Boris Johnson MP (Mayor of London):  Thanks.  Caroline, yes.  We are in constant discussion with the DfT and with the Government at all levels about further devolution to London of many things.  Rail services obviously we are making substantial progress on.  From 1 June there will be, as you know, the devolution of the services on the West Anglia line, that is the West Anglia and Shenfield services.  I can announce today that 80% of the fares that we are taking over, on those routes that we are taking over, will be lower.  None will be higher.  Some fares will fall by as much as 40%.  That is the result of TfL taking over that franchise. 

Now, that is just the beginning.  I want to stress that the improvements in the service of the kind that we have seen on the orange ‑‑

Caroline Pidgeon MBE AM:  My question is about your discussions with the DfT.  I welcome all this, but let us just be very specific: have you had any more recent discussions, particularly given West Anglia - absolutely welcome - and the news you are giving this morning?  Southeastern routes we really are keen to see.  Given your TfL Commissioner recently described them in rather colourful language - which I am not going to repeat here - but many of us have absolute sympathy with it - will you make renewed representations to the Secretary of State for Transport and examine this case for devolution?

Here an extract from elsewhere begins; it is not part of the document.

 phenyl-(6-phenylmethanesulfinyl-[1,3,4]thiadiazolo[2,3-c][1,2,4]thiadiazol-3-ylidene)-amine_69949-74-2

Boris Johnson MP (Mayor of London):  Yes.  You can take it that during the course of the conversations that followed the London Bridge series of extreme difficulties that passengers encountered, everybody does see the argument for having a locus of political accountability.  As I said to everybody here, when a TfL station is up the spout, it is my job to sort it out.  The trouble with what happened at London Bridge was that nobody was quite sure whose arse they should be kicking, so to speak. 

Caroline Pidgeon MBE AM:  In the past, the Secretary of State for Transport has been a little bit sceptical or at least he had said for the time being - I think it was reported to the TfL Board - they were not going to devolve Southeastern. 

Boris Johnson MP (Mayor of London):  Patrick [The Rt Hon Patrick McLoughlin MP, Secretary of State for Transport] said that.

Caroline Pidgeon MBE AM:  I believe that was reported back to the TfL Board.  Will you use your influence, not only now as Mayor of London but as an MP and as a member of the Prime Minister’s (PM) political cabinet, to try to really bring this forward, not only for Southeastern but for some of the other franchises in London?

Boris Johnson MP (Mayor of London):  Yes.

Caroline Pidgeon MBE AM:  Fantastic.

Boris Johnson MP (Mayor of London):  I hope Londoners will see the benefits that will go to users of the services operated by Abellio Greater Anglia and that we will be able to perform the same trick across London.

Caroline Pidgeon MBE AM:  Thank you.  Elsewhere.  Brilliant.  Thank you very much.